Synthetic Speech and Style Transfer
Synthetic speech generation has taken another step forward with the release of NVIDIA’s Flowtron, an improved speech synthesis model that also enables style transfer for voices. NVIDIA’s new approach is designed to generate human voices with greater realism than prior open source methods. Additionally, Flowtron can apply style transfer, which allows users to record a voice and convert it to sound like another voice. The tradeoff is that Flowtron is yet another tool that makes it challenging for people to trust what they see and hear online.
Data augmentation has played a big part in the ability of image models to improve accuracy, so it’s natural that researchers have attempted to apply analogous augmentations in the text domain. One of the most successful image augmentation techniques is mixup, which mixes together two images in some proportion. MixText similarly mixes representations of two pieces of text, using them to augment training data through semi-supervised learning. What is impressive about the researchers’ work is that MixText proved particularly effective when there were only a few labeled examples. Increasing accuracy while only needing a few labeled examples will lower the time and cost to train performant models.
Made with ML
One of the best ways to learn about advances in machine learning is to see how other researchers are approaching problems. The biggest challenge is often finding which examples are worth reviewing. Made with ML is a new site that provides an opportunity for researchers to share their work. Community members can vote on their favorite projects, making it easier for everyone to find high quality examples. Made with ML is becoming one of our go-to resources for discovering new approaches in machine learning.
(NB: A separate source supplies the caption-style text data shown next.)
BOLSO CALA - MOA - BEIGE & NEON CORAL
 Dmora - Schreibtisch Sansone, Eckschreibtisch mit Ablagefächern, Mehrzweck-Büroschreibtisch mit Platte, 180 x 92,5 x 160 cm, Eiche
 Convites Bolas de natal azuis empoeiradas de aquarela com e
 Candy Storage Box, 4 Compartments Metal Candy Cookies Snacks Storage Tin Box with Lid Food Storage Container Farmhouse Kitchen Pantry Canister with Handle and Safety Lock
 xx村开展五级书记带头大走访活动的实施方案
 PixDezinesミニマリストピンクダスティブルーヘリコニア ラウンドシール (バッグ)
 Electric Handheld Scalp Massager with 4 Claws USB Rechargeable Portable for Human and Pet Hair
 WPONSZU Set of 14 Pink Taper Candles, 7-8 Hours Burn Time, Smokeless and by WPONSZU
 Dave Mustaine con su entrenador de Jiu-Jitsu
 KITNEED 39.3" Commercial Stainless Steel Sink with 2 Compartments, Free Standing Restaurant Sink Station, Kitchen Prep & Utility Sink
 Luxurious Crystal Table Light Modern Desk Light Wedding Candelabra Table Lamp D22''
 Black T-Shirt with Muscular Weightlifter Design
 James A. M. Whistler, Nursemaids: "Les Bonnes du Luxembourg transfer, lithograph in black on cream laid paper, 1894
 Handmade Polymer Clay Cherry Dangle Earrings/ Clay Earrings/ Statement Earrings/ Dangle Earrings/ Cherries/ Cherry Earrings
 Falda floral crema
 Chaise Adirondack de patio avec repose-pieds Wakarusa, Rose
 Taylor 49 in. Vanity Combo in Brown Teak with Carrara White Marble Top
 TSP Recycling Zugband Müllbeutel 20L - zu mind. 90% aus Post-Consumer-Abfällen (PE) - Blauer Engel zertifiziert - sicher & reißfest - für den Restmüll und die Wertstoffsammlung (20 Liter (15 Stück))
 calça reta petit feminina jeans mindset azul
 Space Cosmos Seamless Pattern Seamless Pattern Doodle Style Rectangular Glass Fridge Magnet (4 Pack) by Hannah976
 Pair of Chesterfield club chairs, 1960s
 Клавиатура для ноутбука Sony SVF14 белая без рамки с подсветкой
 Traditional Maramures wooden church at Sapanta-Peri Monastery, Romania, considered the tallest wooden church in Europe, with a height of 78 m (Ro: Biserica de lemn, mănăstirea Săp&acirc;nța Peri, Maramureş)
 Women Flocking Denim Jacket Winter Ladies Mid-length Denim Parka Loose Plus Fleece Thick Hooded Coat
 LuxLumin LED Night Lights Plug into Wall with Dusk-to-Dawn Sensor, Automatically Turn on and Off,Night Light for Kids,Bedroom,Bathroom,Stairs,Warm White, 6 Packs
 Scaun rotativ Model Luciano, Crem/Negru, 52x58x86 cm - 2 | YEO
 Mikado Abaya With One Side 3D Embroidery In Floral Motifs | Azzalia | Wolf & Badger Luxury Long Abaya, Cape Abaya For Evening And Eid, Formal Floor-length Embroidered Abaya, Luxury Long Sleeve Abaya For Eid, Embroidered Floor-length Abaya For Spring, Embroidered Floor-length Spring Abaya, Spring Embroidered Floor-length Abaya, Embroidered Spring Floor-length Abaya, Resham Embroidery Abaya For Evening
Recent advances in transfer learning have aided the development of multilingual language models such as mBERT, M4, and XLM-R, but most evaluation methods focus on English-language capabilities. To help solve this problem, Google introduced XTREME, a benchmark for nine cross-lingual NLP tasks such as sentence classification, structured prediction, and question answering. XTREME supports 40 typologically diverse languages that span 12 language families in order to maximize language diversity for each task. Benchmarks like XTREME will help fight biases in models where some languages may be second class citizens. While the focus is typically on building better models, how we measure them can also be a new vector in how we improve NLP task performance.